» TASK ITEM: In duplicating the lines below, keep every word unchanged and drop the pictures.

(Stored items)
——

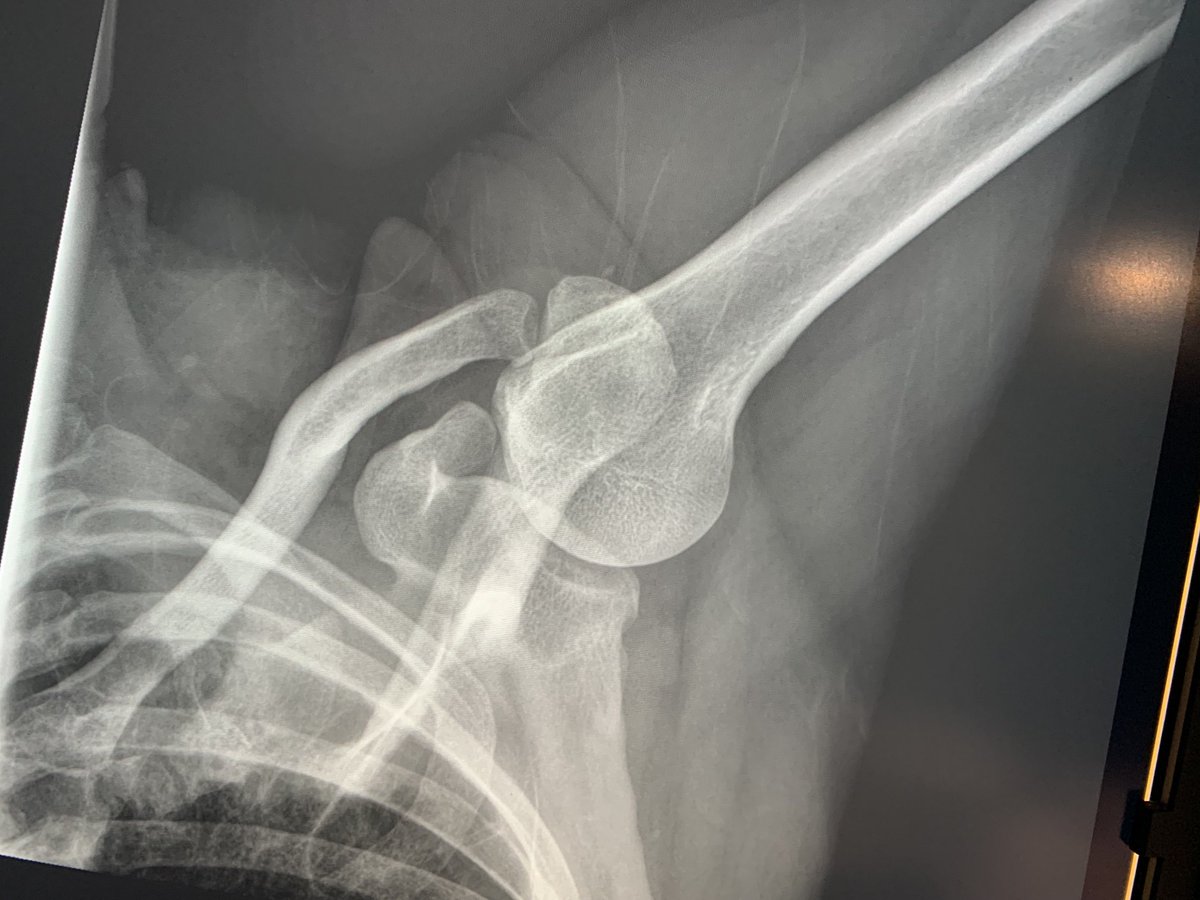 northwoods1980's tweet photo. Orthopedic clinic. 43-year-old female with right shoulder pain. What do we think?🙈 https://t.co/YUs7LfYg5D
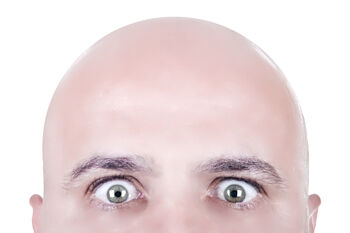 Bald.jpg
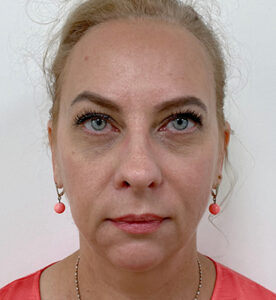 Нижняя блефаропластика - после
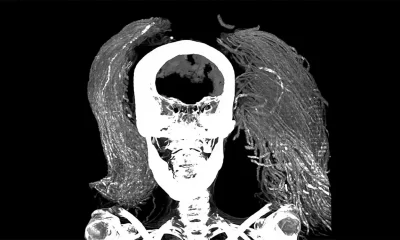 Radiografia Da Múmia Da &Quot;Mulher Gritando&Quot;. Crédito: Sahar Saleem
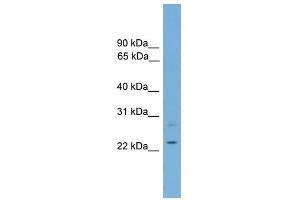 RBM11 antibody used at 1 ug/ml to detect target protein. (RBM11 antibody  (Middle Region))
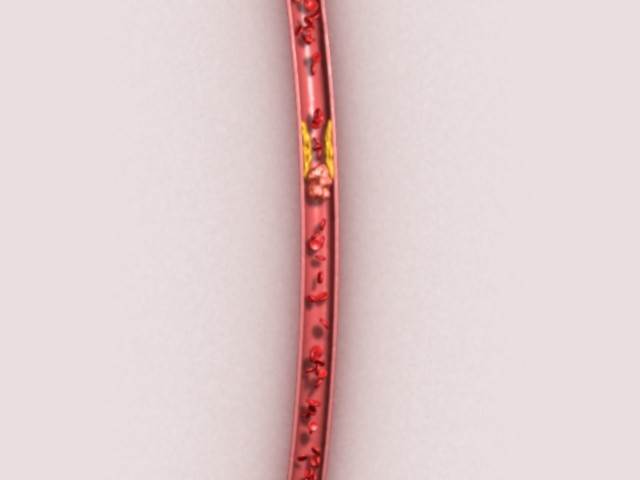 fram_09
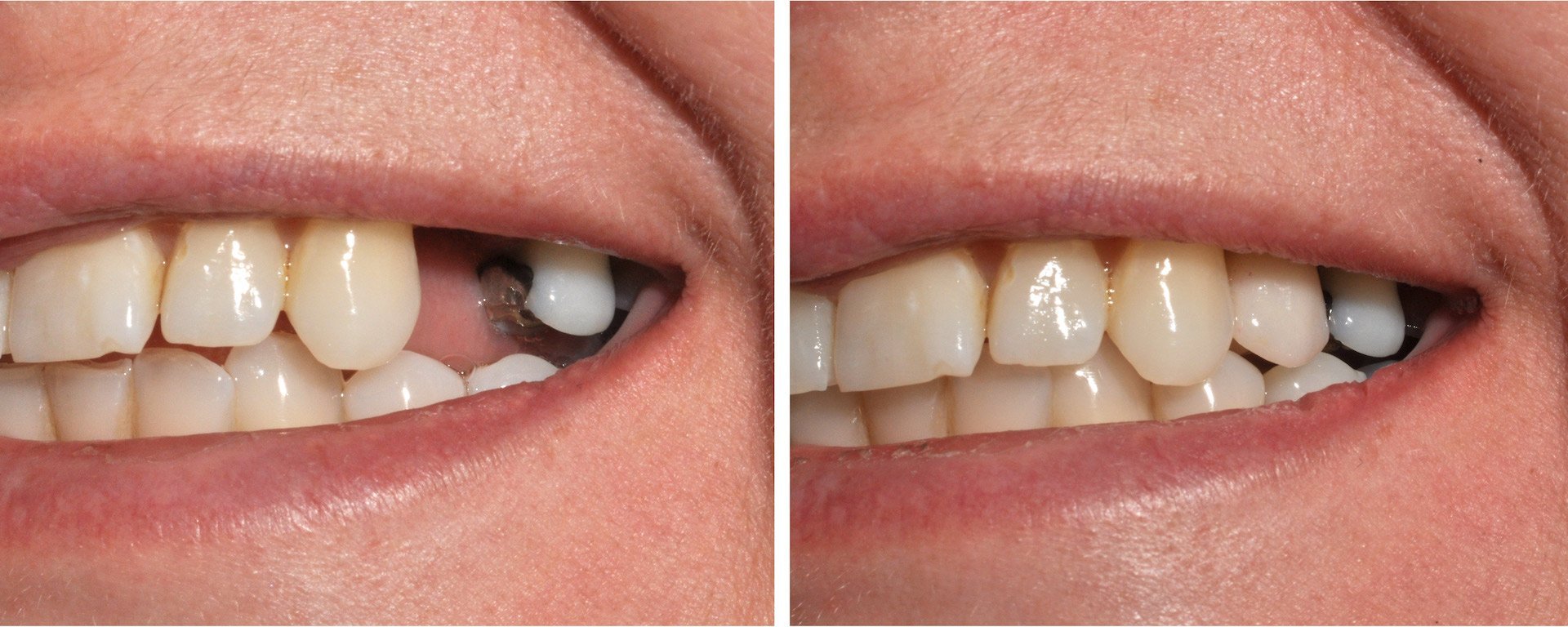 Single-tooth implant — Before / After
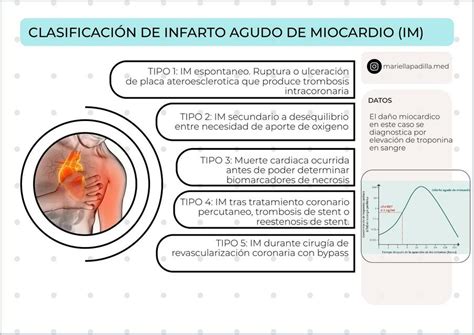 Clasificación De Infarto Agudo De Miocardio Mariella Padilla Udocz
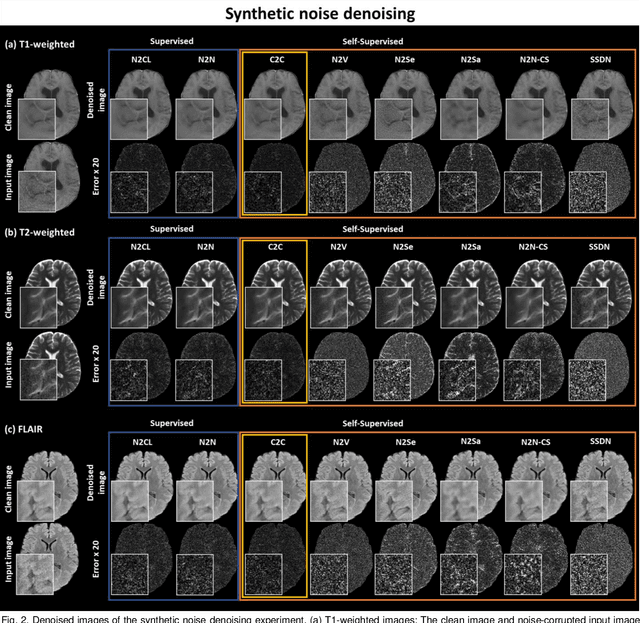 Figure 2 for Coil2Coil: Self-supervised MR image denoising using phased-array coil images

——

» REPLY:
 northwoods1980's tweet photo. Orthopedic clinic. 43-year-old female with right shoulder pain. What do we think?🙈 https://t.co/YUs7LfYg5D
 Bald.jpg
 Нижняя блефаропластика - после
 Radiografia Da Múmia Da &Quot;Mulher Gritando&Quot;. Crédito: Sahar Saleem
 RBM11 antibody used at 1 ug/ml to detect target protein. (RBM11 antibody  (Middle Region))
 fram_09
 Single-tooth implant — Before / After
 Clasificación De Infarto Agudo De Miocardio Mariella Padilla Udocz
 Figure 2 for Coil2Coil: Self-supervised MR image denoising using phased-array coil images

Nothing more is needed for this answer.